CLINT EASTWOOD has made films about the sorrow and repeating pointlessness of war, as seen through the eyes of both aggressor and aggressed-against, with empathic performances and unbearably moving impact. His American Sniper, about the most lethal sniper in U.S. military history, bloodied in Iraq and struggling at home, is not one of those films. At best it’s a valuable character study of a confused warrior, revealing the traumatic effect of his service. At worst it’s a jingoistic and xenophobic attempt to put varnish on a terrible national response to the horror of 9/11, a response that became a self-inflicted wound creating untold collateral damage.

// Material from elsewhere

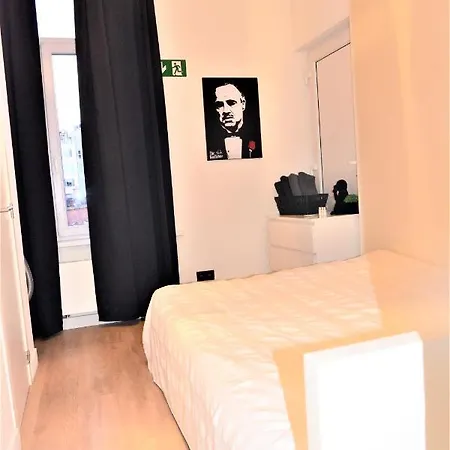 Διαμέρισμα Sleep - Black And White Modern Flat With Cityview *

A decade ago, Eastwood made Flags of Our Fathers and Letters from Iwo Jima, which saw World War II soldiers as propaganda fodder and had the moral imagination to show both sides as courageous and broken without denying the difference between attacker and defender. These films are respectful and thoughtful, but American Sniper is arguably a work born in vengeance. Its reception (becoming one of the biggest January box office weekends ever, and a quick right-wing favorite) is part of the failure to deal in an integrated way with the wounds of 9/11, or to even begin to face the reality of the war in Iraq: an imperial conquest using the cover of national trauma as a justification.
The film’s refusal to engage the political context damages it irreparably. If we don’t know that the war was found to be based on misrepresentation and revenge, then how can we possibly make an adequate judgment of the actions of a protagonist who killed at least 160 people because of that misrepresentation and revenge? This is a general principle too, of course—if the purpose of art is to help us live better, then to have integrity, storytellers who feature characters who behave badly have a responsibility to illuminate their motivation and context. Otherwise we learn nothing about the nature of who we are.
American Sniper could have taken a lesson from recent films such as Nightcrawler, which explores the psychological terrain of a news media addicted to gore and ignorant of (or in denial about) the consequences of keeping the population in fear; Locke, which focuses on nothing but the motivation of one man and his attempts to take responsibility for his actions; and The Immigrant, which responds to one person’s selfishness and cruelty by empowering his victim to set him free to take another chance at getting it right. But American Sniper is so dedicated to the thrill of kinetic action that it doesn’t question the impact—either of the life of its protagonist or of the story now being told about him.